Dataset content:
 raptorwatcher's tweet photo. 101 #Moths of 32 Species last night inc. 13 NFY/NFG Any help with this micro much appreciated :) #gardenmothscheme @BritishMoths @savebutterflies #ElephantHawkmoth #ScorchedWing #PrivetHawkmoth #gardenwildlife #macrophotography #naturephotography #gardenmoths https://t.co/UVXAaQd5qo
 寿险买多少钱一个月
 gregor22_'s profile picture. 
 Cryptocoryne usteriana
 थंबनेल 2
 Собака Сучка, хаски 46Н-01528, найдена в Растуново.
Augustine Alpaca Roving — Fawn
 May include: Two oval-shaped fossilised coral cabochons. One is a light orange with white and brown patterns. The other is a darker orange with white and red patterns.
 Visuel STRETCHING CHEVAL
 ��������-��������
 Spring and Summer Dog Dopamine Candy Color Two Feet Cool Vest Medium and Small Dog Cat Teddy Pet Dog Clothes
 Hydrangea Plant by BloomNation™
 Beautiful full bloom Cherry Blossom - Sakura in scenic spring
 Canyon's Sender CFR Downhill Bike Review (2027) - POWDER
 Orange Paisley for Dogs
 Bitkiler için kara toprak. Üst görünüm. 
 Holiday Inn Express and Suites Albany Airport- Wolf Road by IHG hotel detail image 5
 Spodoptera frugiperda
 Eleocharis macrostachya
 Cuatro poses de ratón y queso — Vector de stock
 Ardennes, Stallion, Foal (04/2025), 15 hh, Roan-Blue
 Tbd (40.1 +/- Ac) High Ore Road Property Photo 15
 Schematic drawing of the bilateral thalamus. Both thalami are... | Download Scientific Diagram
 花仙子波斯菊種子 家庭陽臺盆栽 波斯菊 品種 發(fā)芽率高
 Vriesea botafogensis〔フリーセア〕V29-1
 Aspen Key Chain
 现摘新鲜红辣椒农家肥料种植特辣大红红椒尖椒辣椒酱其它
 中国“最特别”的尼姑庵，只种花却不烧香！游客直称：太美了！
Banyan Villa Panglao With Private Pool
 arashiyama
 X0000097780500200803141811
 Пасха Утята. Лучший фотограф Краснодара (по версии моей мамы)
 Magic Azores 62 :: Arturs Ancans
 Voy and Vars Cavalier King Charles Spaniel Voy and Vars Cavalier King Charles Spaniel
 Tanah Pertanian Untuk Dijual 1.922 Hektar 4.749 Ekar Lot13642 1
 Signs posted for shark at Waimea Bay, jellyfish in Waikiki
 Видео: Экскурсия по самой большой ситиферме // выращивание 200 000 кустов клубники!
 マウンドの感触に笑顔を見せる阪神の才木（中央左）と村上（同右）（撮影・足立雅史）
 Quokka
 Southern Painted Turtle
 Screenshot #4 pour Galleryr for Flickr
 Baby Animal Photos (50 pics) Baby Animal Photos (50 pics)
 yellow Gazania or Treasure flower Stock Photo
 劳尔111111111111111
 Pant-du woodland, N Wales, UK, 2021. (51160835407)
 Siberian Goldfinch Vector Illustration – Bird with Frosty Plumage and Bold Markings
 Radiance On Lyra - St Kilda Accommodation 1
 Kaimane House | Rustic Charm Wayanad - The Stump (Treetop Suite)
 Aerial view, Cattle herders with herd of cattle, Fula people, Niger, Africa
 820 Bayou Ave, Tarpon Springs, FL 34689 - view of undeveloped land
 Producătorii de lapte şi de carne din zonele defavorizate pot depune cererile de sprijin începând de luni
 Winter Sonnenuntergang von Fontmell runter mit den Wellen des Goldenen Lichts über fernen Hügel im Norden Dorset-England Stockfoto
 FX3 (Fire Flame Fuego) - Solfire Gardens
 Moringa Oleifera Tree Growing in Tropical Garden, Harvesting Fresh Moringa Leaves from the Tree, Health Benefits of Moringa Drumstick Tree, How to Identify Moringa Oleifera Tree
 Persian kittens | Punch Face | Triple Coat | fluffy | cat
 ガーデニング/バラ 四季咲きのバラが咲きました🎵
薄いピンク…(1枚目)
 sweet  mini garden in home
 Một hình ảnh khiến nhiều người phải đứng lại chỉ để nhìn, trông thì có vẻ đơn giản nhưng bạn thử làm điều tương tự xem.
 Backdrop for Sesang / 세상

Task item:
Look through the records above and please copy every line in which the string "Vector" occurs.

Answer space:
 Cuatro poses de ratón y queso — Vector de stock
 Siberian Goldfinch Vector Illustration – Bird with Frosty Plumage and Bold Markings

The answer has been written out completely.